Zyphra's Zamba2-VL puts a Mamba2 backbone behind an open vision-language model

Zyphra's Zamba2-VL puts a Mamba2 backbone behind an open vision-language model — type0 | type0

PREVIEWZyphra's Zamba2-VL puts a Mamba2 backbone behind an open vision-language model · MD

Zyphra has released Zamba2-VL, an open vision-language model family that swaps the dense Transformer language backbone used in most open VLMs for a hybrid Mamba2 state-space model interleaved with a small number of shared transformer attention blocks, each carrying its own LoRA adapter. The architecture, not the latency number in the press kit, is the part worth attention. It gives developers a reproducible path to lower first-token latency on multimodal workloads without abandoning the in-context recall that pure state-space models lose.

The family ships in three sizes, 1.2B, 2.7B, and 7B parameters, with weights publicly hosted on Hugging Face under Apache 2.0 (Zyphra's official Zamba2-VL page; HF model card for Zamba2-VL-2.7B). On the language side, Zamba2 interleaves Mamba2 sequence-mixing layers with shared attention blocks, a design previously explored in Zyphra's text-only Zamba2 work and now extended to vision-language. Each shared block carries a unique LoRA adapter, which lets the model retain the cross-token recall of attention at a fraction of the dense-Transformer parameter and compute cost. The vision side is a deliberate borrowing: the team uses Qwen2.5-VL's Vision Transformer, picked for its 2D rotary position embeddings and native dynamic-resolution processing, and connects it to the language model through a two-layer MLP projector in a LLaVA-style template.

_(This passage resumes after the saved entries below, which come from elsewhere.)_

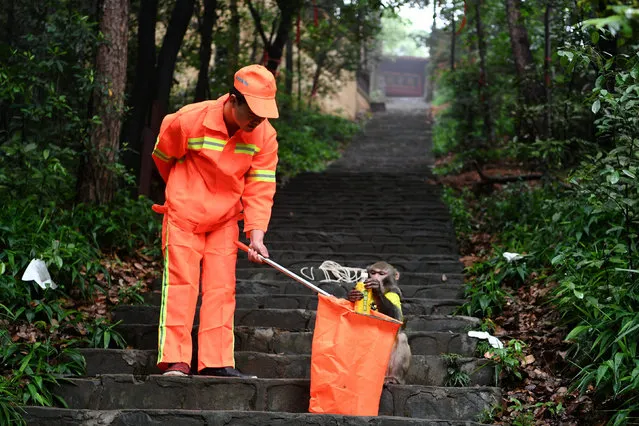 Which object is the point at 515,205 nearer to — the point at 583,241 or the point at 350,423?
the point at 583,241

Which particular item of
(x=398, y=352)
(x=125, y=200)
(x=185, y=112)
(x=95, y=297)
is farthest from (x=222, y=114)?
(x=125, y=200)

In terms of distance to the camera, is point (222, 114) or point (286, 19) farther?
point (286, 19)

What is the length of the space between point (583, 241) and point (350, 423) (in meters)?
3.20

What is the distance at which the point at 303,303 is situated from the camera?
21.1 ft

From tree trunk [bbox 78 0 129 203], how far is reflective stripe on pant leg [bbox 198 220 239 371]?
3.44 metres

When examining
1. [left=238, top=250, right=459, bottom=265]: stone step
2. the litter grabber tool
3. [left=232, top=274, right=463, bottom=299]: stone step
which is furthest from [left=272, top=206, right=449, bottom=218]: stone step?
the litter grabber tool

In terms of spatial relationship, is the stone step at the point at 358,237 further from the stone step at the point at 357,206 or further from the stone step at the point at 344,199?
the stone step at the point at 344,199

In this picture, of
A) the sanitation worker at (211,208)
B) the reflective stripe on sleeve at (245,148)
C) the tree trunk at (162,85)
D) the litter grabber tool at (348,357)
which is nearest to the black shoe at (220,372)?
the sanitation worker at (211,208)

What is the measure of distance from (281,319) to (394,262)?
222 centimetres

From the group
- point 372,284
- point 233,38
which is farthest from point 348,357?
point 233,38

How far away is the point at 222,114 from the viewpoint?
15.4ft

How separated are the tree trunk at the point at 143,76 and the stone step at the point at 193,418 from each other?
5904mm

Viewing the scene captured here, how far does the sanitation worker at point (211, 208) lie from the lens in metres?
4.56

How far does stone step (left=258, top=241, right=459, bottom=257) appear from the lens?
28.4 feet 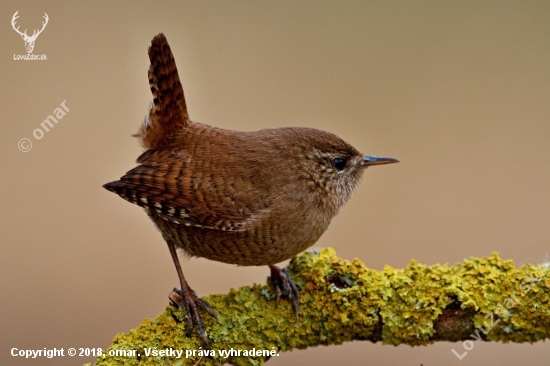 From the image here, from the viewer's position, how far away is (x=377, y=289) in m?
3.21

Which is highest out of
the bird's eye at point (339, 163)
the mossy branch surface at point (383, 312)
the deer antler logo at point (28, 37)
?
the deer antler logo at point (28, 37)

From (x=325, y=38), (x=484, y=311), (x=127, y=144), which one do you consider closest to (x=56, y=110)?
(x=127, y=144)

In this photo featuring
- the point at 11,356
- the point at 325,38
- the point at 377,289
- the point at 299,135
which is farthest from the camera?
the point at 325,38

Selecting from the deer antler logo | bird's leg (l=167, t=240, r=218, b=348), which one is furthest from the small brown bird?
the deer antler logo

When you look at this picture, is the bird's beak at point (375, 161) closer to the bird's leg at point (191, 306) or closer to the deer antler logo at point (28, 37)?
the bird's leg at point (191, 306)

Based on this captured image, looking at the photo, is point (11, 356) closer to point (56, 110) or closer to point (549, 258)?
point (56, 110)

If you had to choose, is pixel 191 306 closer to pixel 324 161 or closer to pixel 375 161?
pixel 324 161

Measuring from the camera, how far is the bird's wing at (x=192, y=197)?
3.25m

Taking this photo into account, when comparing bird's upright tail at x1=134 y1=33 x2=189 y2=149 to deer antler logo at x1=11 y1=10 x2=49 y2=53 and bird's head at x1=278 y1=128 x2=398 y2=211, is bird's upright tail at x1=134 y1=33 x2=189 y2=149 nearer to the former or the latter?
bird's head at x1=278 y1=128 x2=398 y2=211

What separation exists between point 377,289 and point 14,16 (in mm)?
4686

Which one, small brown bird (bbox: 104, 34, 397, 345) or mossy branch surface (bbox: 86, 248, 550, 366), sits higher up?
small brown bird (bbox: 104, 34, 397, 345)

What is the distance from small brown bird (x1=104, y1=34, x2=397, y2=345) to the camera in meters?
3.25

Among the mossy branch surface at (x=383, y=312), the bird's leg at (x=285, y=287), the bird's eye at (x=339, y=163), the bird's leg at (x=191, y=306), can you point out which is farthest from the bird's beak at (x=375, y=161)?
the bird's leg at (x=191, y=306)

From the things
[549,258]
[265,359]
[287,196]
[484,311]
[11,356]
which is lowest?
[11,356] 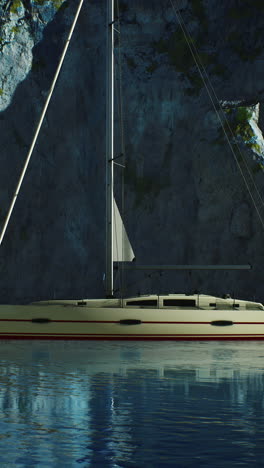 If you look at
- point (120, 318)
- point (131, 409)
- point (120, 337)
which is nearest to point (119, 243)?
point (120, 318)

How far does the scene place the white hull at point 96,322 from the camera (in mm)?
31422

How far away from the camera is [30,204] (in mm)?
61250

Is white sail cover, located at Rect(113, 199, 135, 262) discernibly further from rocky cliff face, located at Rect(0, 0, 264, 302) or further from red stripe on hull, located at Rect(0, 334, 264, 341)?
rocky cliff face, located at Rect(0, 0, 264, 302)

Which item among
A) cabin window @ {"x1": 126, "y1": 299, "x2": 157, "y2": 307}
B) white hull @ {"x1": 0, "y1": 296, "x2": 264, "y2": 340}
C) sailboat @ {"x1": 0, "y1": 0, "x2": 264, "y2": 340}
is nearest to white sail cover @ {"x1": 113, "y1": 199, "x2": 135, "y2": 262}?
sailboat @ {"x1": 0, "y1": 0, "x2": 264, "y2": 340}

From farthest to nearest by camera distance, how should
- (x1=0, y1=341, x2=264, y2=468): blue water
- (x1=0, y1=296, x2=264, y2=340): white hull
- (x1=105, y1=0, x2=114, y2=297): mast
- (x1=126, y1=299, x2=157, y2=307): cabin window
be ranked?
(x1=126, y1=299, x2=157, y2=307): cabin window, (x1=105, y1=0, x2=114, y2=297): mast, (x1=0, y1=296, x2=264, y2=340): white hull, (x1=0, y1=341, x2=264, y2=468): blue water

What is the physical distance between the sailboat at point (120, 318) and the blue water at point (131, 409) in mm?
3119

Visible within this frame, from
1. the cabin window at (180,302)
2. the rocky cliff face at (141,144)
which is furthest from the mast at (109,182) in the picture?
the rocky cliff face at (141,144)

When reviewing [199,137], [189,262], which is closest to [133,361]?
[189,262]

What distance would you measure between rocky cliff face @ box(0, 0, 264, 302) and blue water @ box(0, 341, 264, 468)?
96.6 feet

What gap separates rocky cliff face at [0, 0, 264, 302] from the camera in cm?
5675

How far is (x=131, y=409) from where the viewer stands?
16.5 meters

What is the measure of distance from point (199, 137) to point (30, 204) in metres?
14.2

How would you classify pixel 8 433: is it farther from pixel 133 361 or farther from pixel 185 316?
pixel 185 316

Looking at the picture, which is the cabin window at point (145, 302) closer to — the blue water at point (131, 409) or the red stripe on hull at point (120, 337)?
the red stripe on hull at point (120, 337) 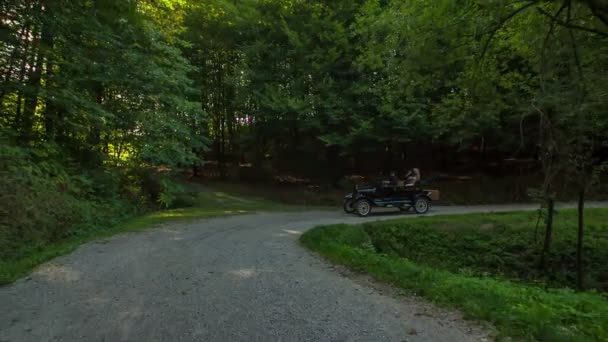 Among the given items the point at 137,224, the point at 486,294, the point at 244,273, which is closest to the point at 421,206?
the point at 137,224

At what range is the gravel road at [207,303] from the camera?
478cm

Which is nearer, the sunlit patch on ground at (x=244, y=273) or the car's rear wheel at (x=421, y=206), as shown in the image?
the sunlit patch on ground at (x=244, y=273)

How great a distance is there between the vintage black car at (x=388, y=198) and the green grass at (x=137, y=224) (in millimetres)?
3182

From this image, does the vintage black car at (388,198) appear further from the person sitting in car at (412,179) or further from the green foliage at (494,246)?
the green foliage at (494,246)

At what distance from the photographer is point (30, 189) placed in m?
11.0

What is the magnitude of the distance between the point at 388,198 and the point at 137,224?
364 inches

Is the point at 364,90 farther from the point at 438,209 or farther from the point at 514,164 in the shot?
the point at 514,164

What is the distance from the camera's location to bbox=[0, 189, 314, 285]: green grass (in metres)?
8.04

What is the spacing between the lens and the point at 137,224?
13.5 meters

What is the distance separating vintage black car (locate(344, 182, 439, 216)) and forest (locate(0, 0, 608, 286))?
2.70 m

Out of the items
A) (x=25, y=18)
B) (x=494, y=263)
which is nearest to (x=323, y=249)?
(x=494, y=263)

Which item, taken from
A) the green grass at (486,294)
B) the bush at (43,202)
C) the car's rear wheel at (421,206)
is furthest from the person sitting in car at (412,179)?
the bush at (43,202)

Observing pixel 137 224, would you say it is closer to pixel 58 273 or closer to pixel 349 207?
pixel 58 273

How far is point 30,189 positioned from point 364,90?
14.3m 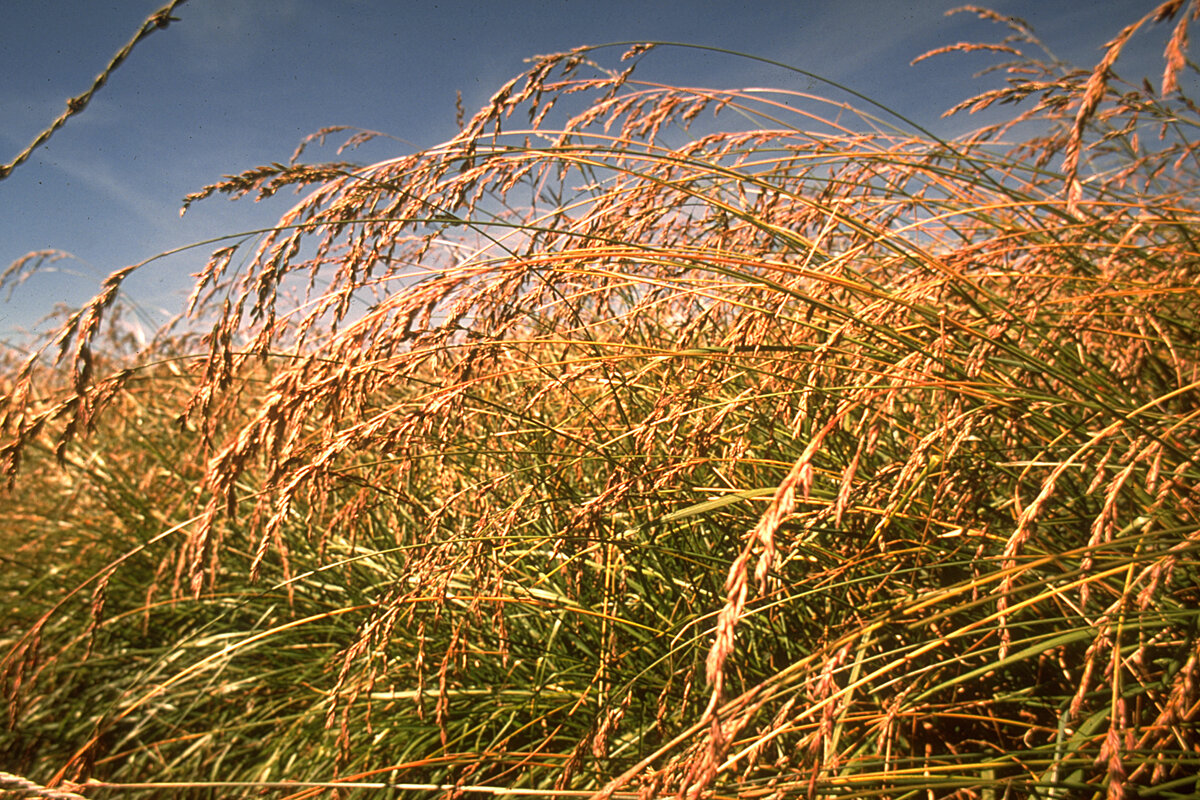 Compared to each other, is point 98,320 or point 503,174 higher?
point 503,174

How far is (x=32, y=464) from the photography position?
11.2 ft

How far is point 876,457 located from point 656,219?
0.84 meters

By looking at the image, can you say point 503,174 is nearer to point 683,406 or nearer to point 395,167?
point 395,167

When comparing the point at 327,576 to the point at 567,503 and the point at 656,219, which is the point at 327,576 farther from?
the point at 656,219

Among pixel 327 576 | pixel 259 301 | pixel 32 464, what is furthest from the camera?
pixel 32 464

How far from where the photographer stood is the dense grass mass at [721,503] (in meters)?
0.96

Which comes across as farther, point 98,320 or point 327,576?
point 327,576

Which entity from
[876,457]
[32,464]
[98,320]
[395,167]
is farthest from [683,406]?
[32,464]

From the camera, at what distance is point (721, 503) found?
1.06 metres

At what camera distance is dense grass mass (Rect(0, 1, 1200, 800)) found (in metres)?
0.96

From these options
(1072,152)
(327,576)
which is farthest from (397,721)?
(1072,152)

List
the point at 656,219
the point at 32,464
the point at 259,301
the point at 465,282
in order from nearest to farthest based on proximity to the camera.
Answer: the point at 259,301 < the point at 465,282 < the point at 656,219 < the point at 32,464

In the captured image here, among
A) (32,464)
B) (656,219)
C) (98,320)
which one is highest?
(32,464)

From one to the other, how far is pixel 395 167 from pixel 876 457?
135 centimetres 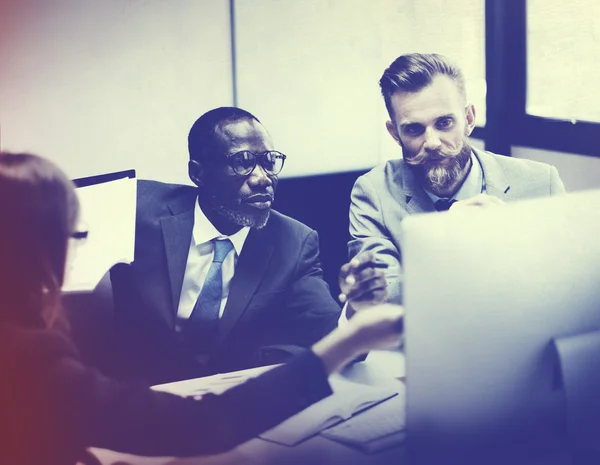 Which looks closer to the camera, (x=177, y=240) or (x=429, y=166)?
(x=177, y=240)

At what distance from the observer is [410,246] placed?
118cm

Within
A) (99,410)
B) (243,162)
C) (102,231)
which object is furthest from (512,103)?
(99,410)

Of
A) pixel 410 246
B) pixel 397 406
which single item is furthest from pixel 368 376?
pixel 410 246

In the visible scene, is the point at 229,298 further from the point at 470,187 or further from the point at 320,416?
the point at 470,187

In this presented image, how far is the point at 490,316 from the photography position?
1.21 m

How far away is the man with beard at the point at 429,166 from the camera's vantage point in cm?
187

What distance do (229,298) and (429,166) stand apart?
0.60 meters

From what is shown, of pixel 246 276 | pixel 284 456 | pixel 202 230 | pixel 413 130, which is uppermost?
pixel 413 130

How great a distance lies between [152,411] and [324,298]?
486 mm

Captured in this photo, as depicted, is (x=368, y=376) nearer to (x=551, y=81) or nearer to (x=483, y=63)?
(x=483, y=63)

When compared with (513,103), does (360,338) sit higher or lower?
lower

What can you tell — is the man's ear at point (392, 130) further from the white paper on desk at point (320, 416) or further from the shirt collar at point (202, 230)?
the white paper on desk at point (320, 416)

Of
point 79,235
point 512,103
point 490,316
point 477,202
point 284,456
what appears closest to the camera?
point 490,316

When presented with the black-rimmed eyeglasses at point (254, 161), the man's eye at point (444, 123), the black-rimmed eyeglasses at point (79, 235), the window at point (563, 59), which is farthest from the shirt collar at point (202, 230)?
the window at point (563, 59) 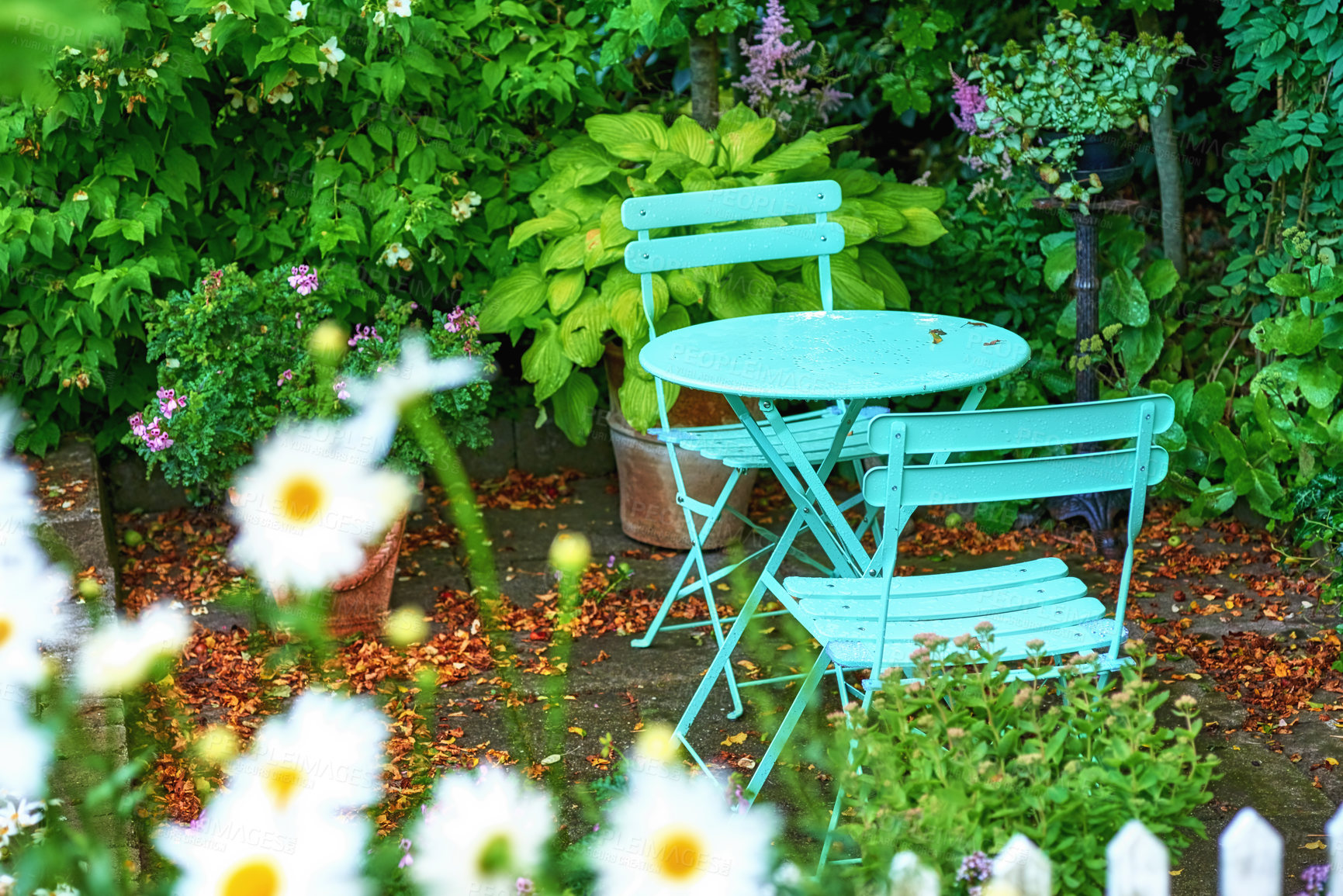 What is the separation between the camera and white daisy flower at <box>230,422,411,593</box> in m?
0.97

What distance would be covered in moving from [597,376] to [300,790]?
3.65 meters

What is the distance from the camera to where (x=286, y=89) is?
3.97 meters

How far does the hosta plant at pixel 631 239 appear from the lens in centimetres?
398

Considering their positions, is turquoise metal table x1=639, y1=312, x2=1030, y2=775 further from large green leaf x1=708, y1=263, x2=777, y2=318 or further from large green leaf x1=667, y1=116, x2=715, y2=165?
large green leaf x1=667, y1=116, x2=715, y2=165

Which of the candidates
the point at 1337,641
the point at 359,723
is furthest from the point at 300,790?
the point at 1337,641

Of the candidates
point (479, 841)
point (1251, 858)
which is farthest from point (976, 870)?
point (479, 841)

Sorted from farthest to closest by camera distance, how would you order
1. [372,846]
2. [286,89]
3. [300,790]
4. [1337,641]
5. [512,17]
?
[512,17]
[286,89]
[1337,641]
[372,846]
[300,790]

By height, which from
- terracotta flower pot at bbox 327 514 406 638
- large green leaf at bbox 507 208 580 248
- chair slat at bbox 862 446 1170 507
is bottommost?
terracotta flower pot at bbox 327 514 406 638

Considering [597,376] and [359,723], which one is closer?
[359,723]

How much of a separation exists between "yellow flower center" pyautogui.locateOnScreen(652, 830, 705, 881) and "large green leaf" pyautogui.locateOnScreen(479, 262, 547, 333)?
10.2 feet

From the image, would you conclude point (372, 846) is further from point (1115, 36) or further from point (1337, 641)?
point (1115, 36)

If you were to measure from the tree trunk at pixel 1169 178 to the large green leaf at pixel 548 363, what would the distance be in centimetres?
218

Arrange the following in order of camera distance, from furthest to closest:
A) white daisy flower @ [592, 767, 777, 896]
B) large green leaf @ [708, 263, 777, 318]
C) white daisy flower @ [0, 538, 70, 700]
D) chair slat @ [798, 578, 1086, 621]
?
large green leaf @ [708, 263, 777, 318]
chair slat @ [798, 578, 1086, 621]
white daisy flower @ [592, 767, 777, 896]
white daisy flower @ [0, 538, 70, 700]

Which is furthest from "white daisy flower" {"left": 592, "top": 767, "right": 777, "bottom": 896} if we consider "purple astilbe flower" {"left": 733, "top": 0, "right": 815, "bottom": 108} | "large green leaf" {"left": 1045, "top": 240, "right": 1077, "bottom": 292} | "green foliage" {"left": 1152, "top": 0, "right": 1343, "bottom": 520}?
"purple astilbe flower" {"left": 733, "top": 0, "right": 815, "bottom": 108} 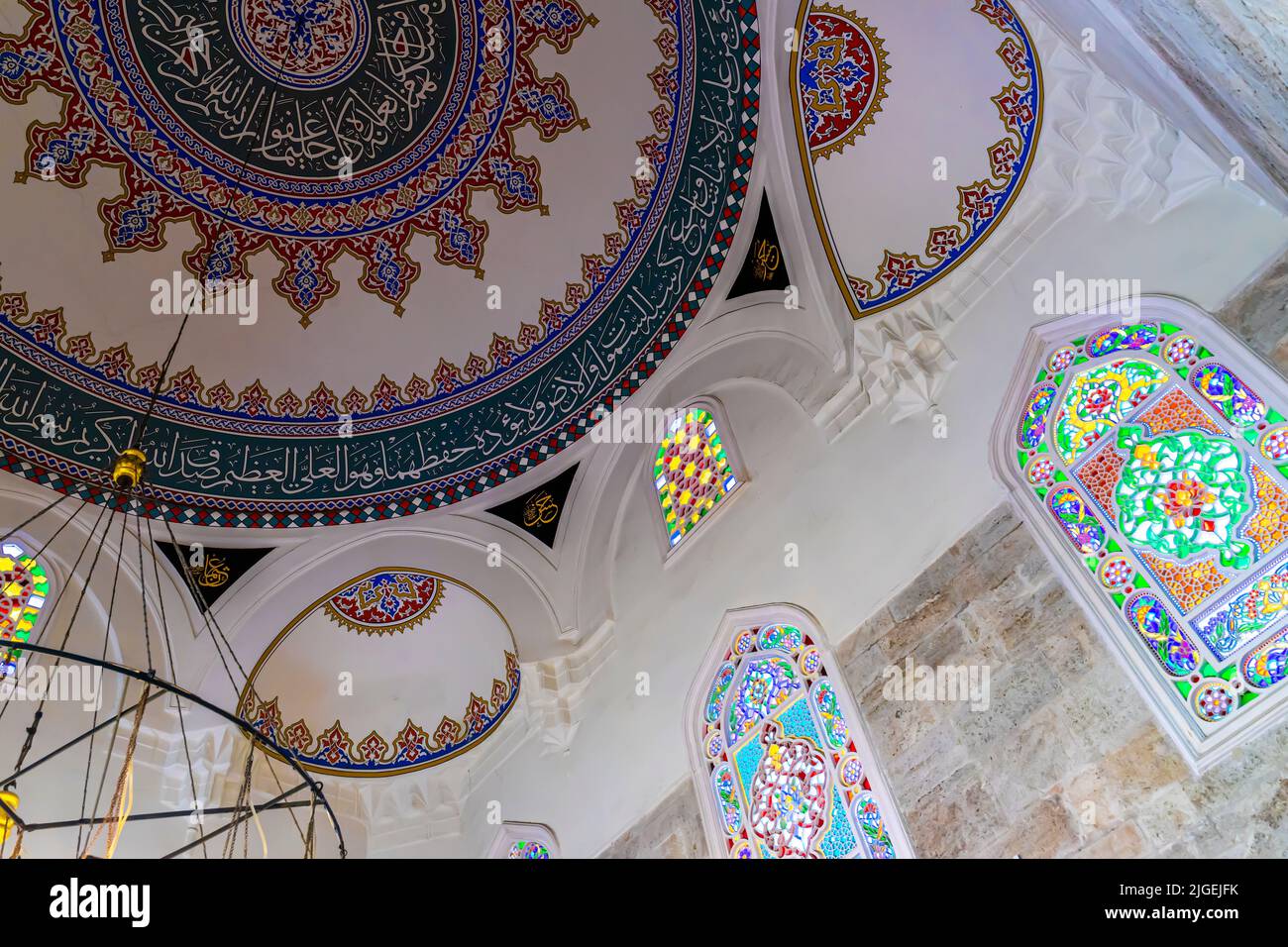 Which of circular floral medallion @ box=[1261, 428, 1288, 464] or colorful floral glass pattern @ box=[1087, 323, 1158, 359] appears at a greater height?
colorful floral glass pattern @ box=[1087, 323, 1158, 359]

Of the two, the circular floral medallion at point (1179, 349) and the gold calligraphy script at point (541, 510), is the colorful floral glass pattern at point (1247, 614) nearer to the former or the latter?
the circular floral medallion at point (1179, 349)

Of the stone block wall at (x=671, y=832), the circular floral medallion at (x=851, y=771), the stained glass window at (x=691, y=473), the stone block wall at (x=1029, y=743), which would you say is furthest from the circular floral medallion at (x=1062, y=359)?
the stone block wall at (x=671, y=832)

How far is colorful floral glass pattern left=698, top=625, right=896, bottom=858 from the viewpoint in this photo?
497cm

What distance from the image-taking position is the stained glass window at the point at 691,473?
23.0 ft

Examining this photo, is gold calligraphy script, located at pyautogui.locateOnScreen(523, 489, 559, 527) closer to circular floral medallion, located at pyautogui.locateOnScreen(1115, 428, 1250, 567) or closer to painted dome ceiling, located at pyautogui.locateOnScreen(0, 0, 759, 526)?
painted dome ceiling, located at pyautogui.locateOnScreen(0, 0, 759, 526)

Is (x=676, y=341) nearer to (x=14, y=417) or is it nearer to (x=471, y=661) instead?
(x=471, y=661)

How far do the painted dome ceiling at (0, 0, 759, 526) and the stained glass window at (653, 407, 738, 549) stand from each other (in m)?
0.52

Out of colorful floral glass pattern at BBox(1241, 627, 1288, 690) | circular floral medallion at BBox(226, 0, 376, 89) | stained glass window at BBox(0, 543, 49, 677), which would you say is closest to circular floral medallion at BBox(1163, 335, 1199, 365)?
colorful floral glass pattern at BBox(1241, 627, 1288, 690)

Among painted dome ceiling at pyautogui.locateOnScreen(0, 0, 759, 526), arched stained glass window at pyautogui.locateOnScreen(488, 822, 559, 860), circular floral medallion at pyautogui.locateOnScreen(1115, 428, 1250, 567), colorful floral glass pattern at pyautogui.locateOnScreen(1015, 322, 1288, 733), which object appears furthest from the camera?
painted dome ceiling at pyautogui.locateOnScreen(0, 0, 759, 526)

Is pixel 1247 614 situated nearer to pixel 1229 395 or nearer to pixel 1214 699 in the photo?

Zyphra's headline claim is that Zamba2-VL cuts time-to-first-token by roughly an order of magnitude compared to comparable Transformer-based VLMs at matched scale (Zyphra's Zamba2-VL release page; MarkTechPost recap, 2026-06-12). That number is a vendor claim run on Zyphra's own VLMEvalKit-based harness, not an independent measurement, and the actual gain depends on hardware, precision, and sequence length. A CUDA GPU is required for the optimized Mamba2 kernels, and the linear-time properties of Mamba2 are not free inference. What they buy is cheap prefilling on long multimodal contexts, which is exactly the regime where first-token latency hurts user-facing applications.

The capability surface tracks what developers have come to expect from a modern open VLM: single- and multi-image understanding plus grounding, trained on 100B tokens of vision-text and pure-text data drawn from open web datasets with the Mistral v0.1 tokenizer (Zyphra's Zamba2-VL page). The architectural report is on arXiv as 2606.00390, with authors Hassan Shapourian, Kasra Hejazi, Olabode M. Sule, and Beren Millidge.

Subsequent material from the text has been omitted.